Source data
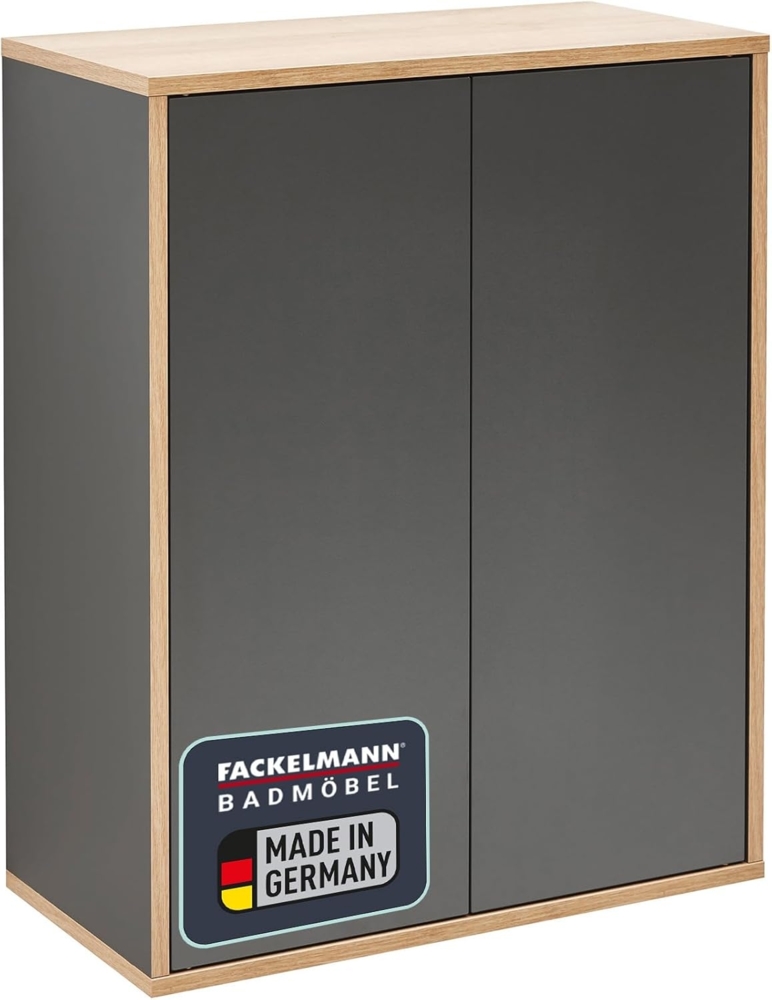 Fackelmann FINN Doppel Midischrank 60 cm, Braun hell/Anthrazit Bild 1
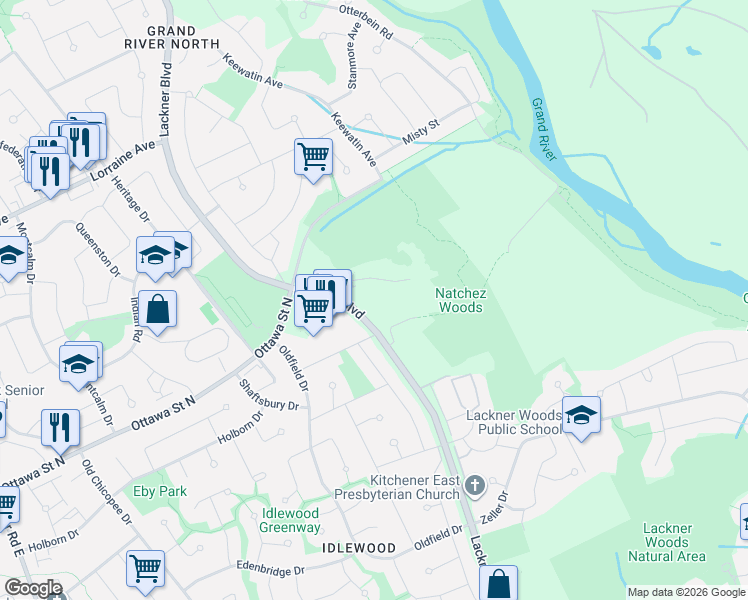 map of restaurants, bars, coffee shops, grocery stores, and more near 1201 Lackner Boulevard in Kitchener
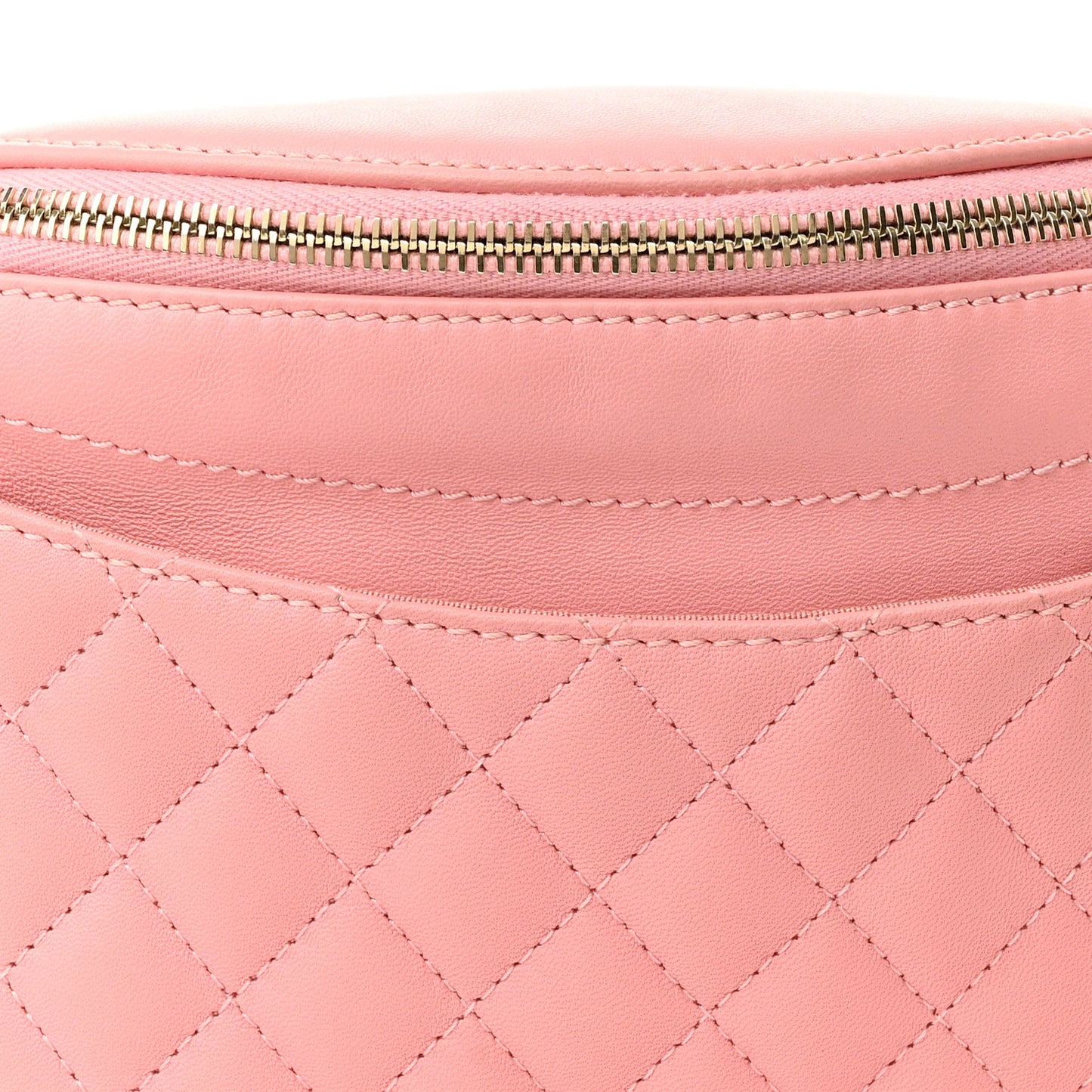 Lambskin Quilted Bi Waist Bag Fanny Pack Pink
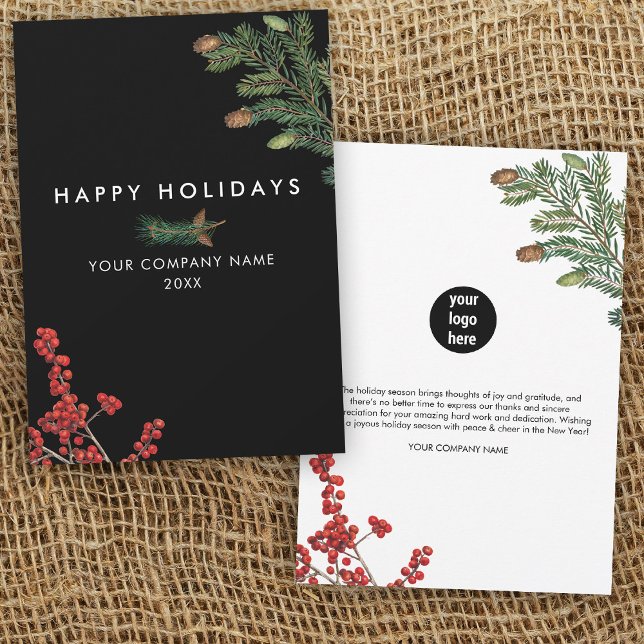 Moderne Business Corporate Pine Cone Weihnachtskar (Modern Business Corporate Pine Cone Christmas Card)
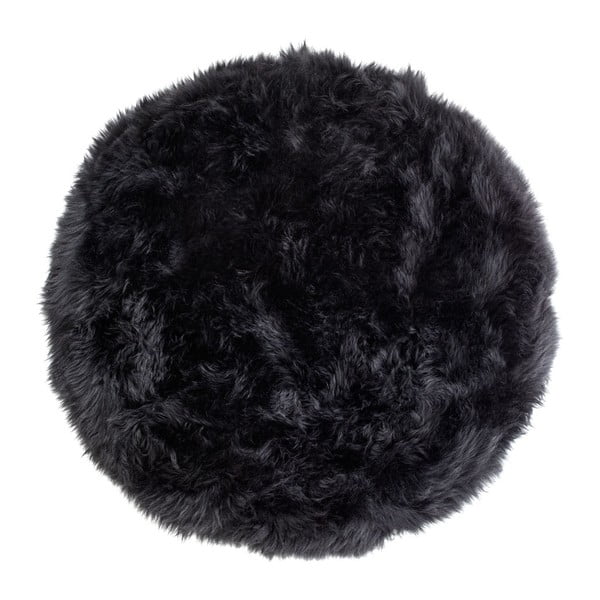 Črna preproga iz ovčje kože Royal Dream Zealand, ⌀ 70 cm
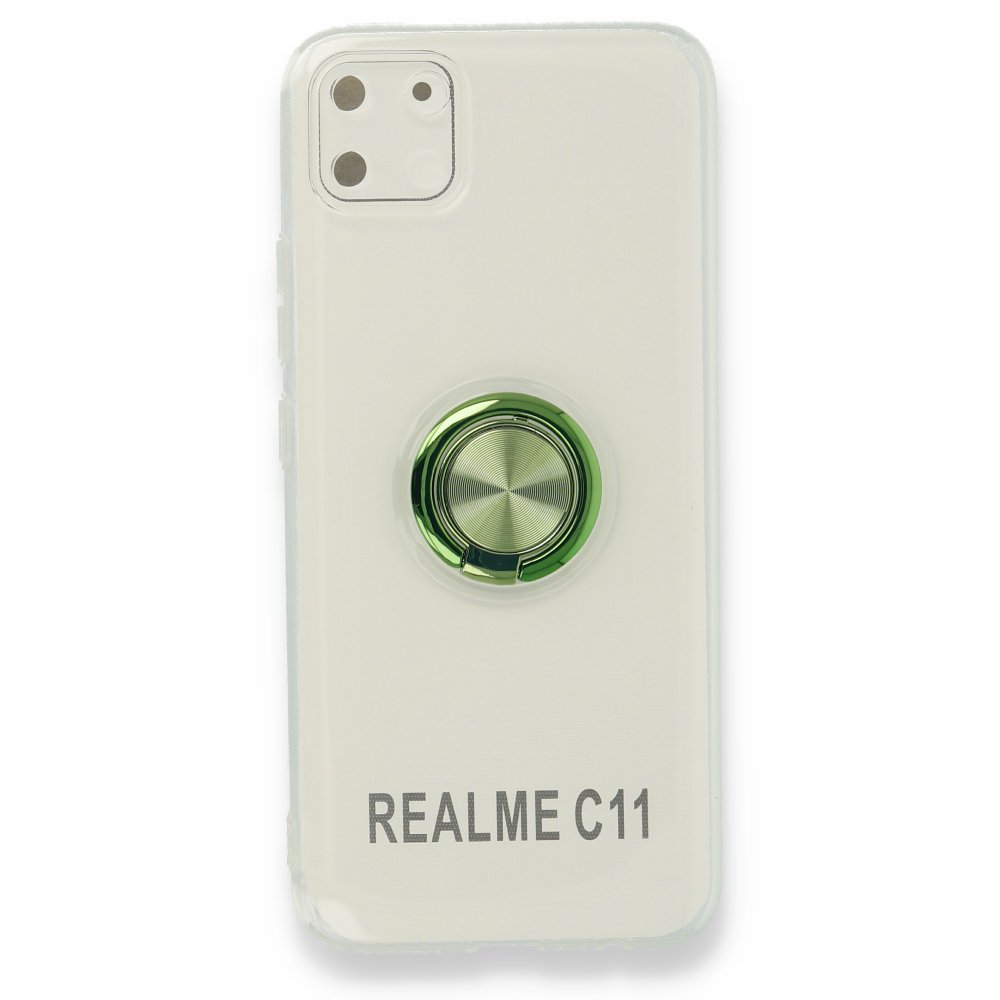 Realme C11 Kılıf Gros Yüzüklü Silikon - Yeşil  Realme C11 Kılıf Gros Yüzüklü Silikon - Yeşil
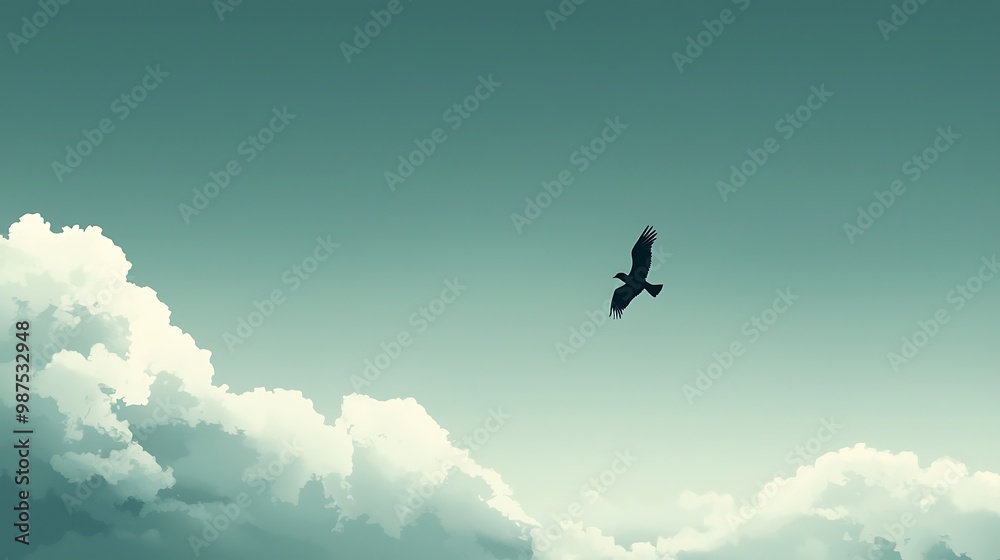 Solitary Flight - Minimalist Illustration of Lone Bird Soaring in Empty Sky Symbolizing Loneliness Solitary Flight - Minimalist Illustration of Lone Bird Soaring in Empty Sky Symbolizing Loneliness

TO DO: Exclude the pictures and give back the rest of the data above exactly as written.

RESPONSE:
 Fackelmann FINN Doppel Midischrank 60 cm, Braun hell/Anthrazit Bild 1
 map of restaurants, bars, coffee shops, grocery stores, and more near 1201 Lackner Boulevard in Kitchener
 Lambskin Quilted Bi Waist Bag Fanny Pack Pink
 Moderne Business Corporate Pine Cone Weihnachtskar (Modern Business Corporate Pine Cone Christmas Card)
 Črna preproga iz ovčje kože Royal Dream Zealand, ⌀ 70 cm
 Realme C11 Kılıf Gros Yüzüklü Silikon - Yeşil  Realme C11 Kılıf Gros Yüzüklü Silikon - Yeşil
 Solitary Flight - Minimalist Illustration of Lone Bird Soaring in Empty Sky Symbolizing Loneliness Solitary Flight - Minimalist Illustration of Lone Bird Soaring in Empty Sky Symbolizing Loneliness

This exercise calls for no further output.